- About this exercise -
The result should hold only the lines from the one with "Fantasy girl with" through the final line of the data below, transcribed exactly, pictures left out.

- Data provided -

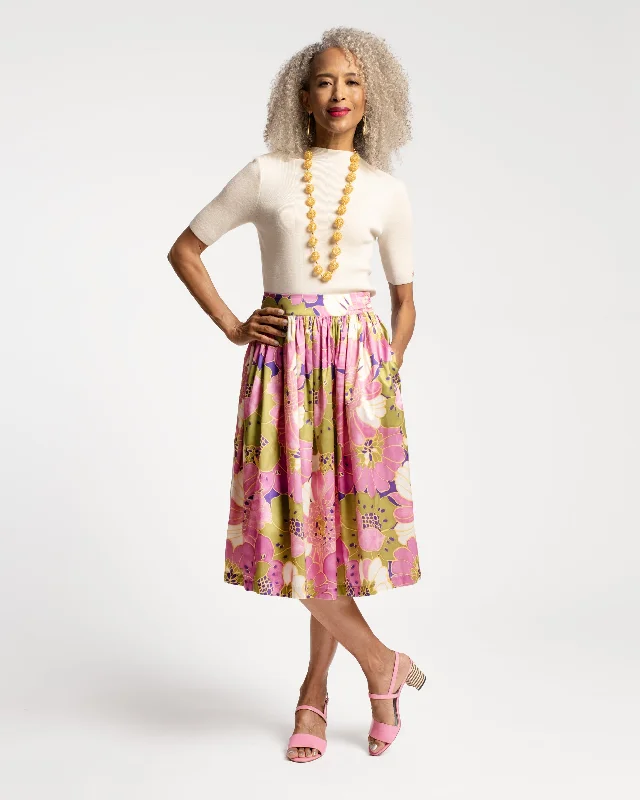 Barbara Midi Skirt African Daisy Print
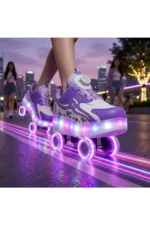 LED Light Up Roller Shoes - Detachable Wheeled Sneakers for Kids and Teens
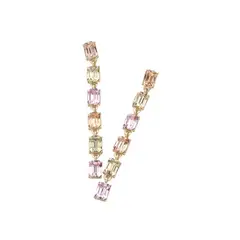 VANE COLLECTION - Aros mujer colgantes largos finos cristales lila rosa verde claro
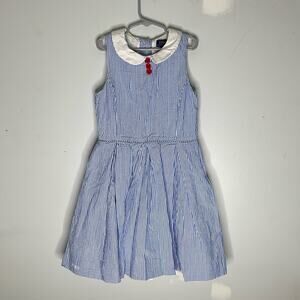 RALPH LAUREN Polo Blue and White Seersucker A Line Collared Red Button Dress 10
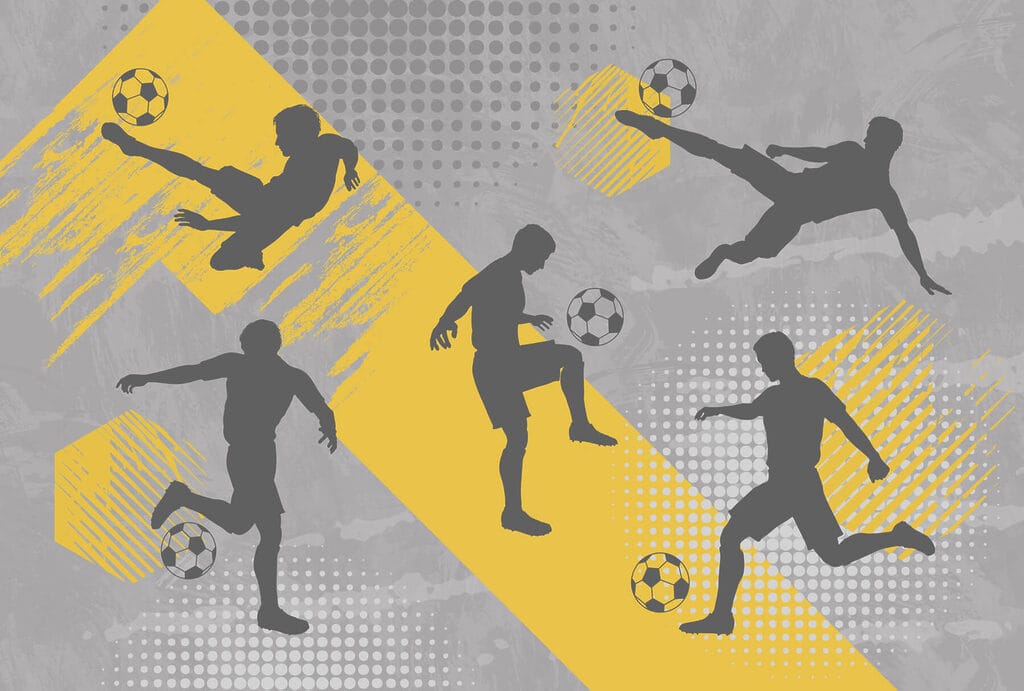 Voetballers op gele vlakken — volledig ontwerp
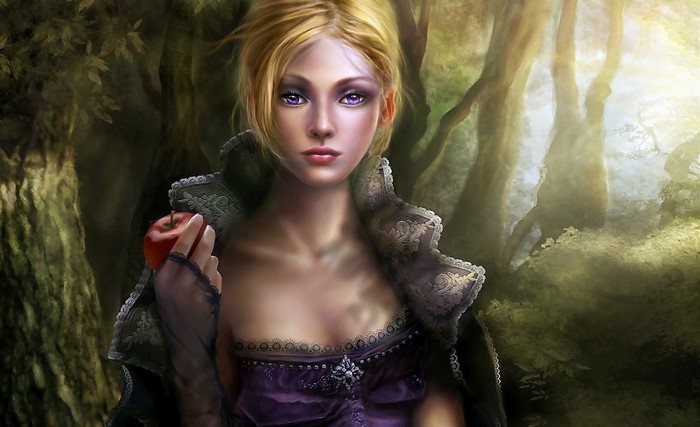 Fantasy girl with blonde hair holding an apple in a forest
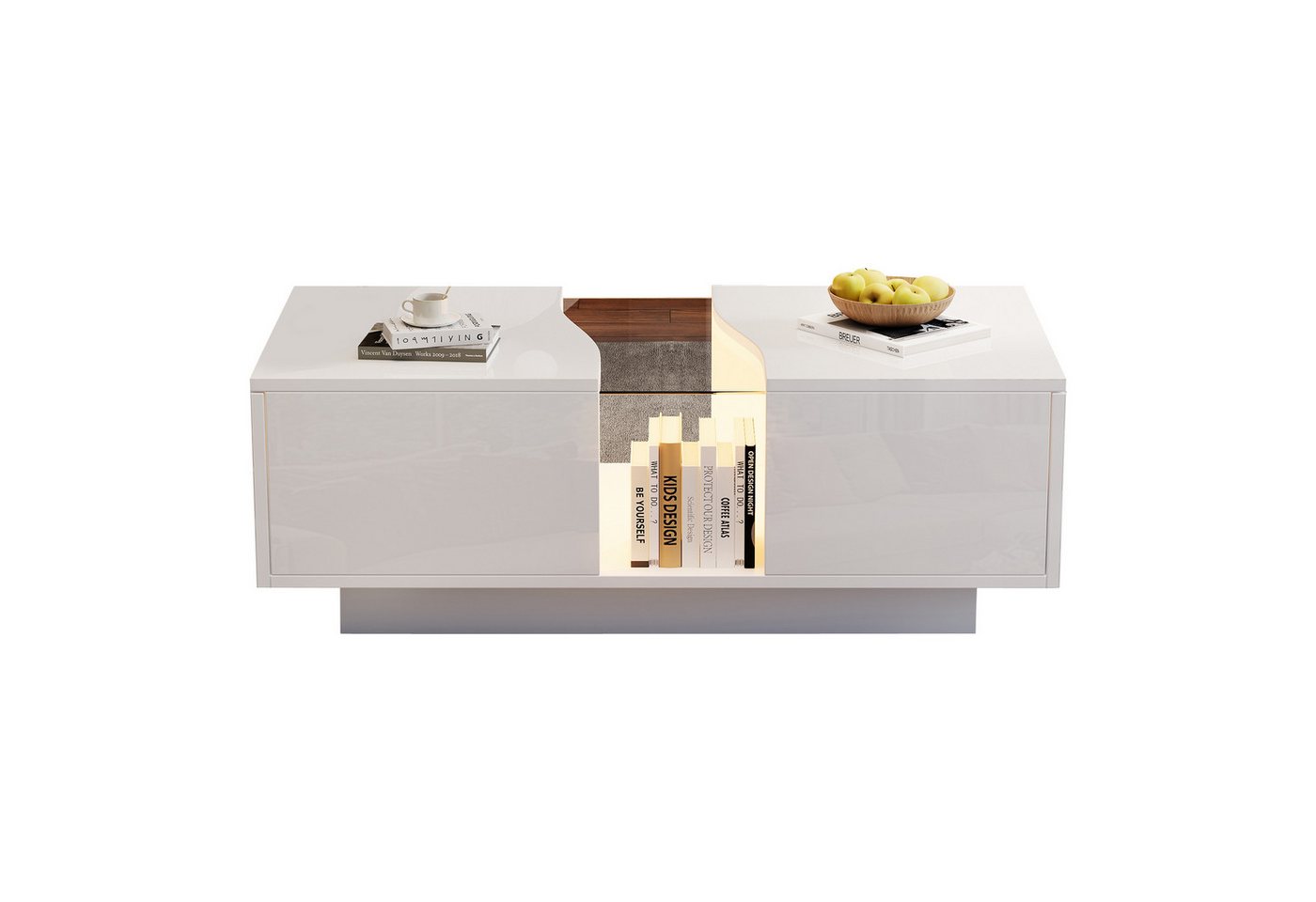 MODFU Couchtisch mit Acrylplatte, Hohlstrukturdesign (Satztisch, Wohnzimmertisch, 1-St., 2 Schubladen), mit LED-Licht und Acrylplatte von MODFU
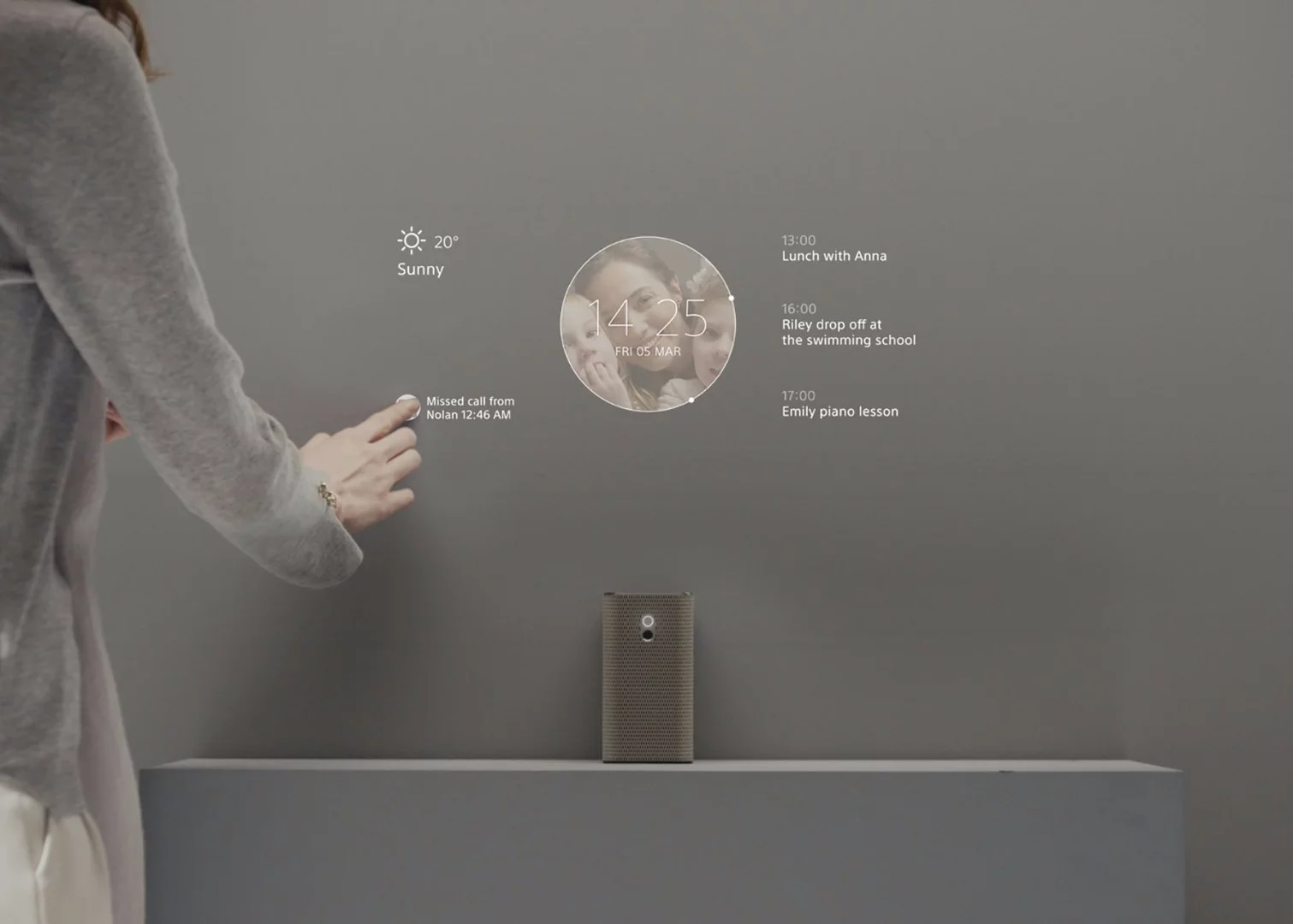 The Xperia Projector can display content as well as helping you catch up on missed calls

- Written solution -
 Fantasy girl with blonde hair holding an apple in a forest
 MODFU Couchtisch mit Acrylplatte, Hohlstrukturdesign (Satztisch, Wohnzimmertisch, 1-St., 2 Schubladen), mit LED-Licht und Acrylplatte von MODFU
 The Xperia Projector can display content as well as helping you catch up on missed calls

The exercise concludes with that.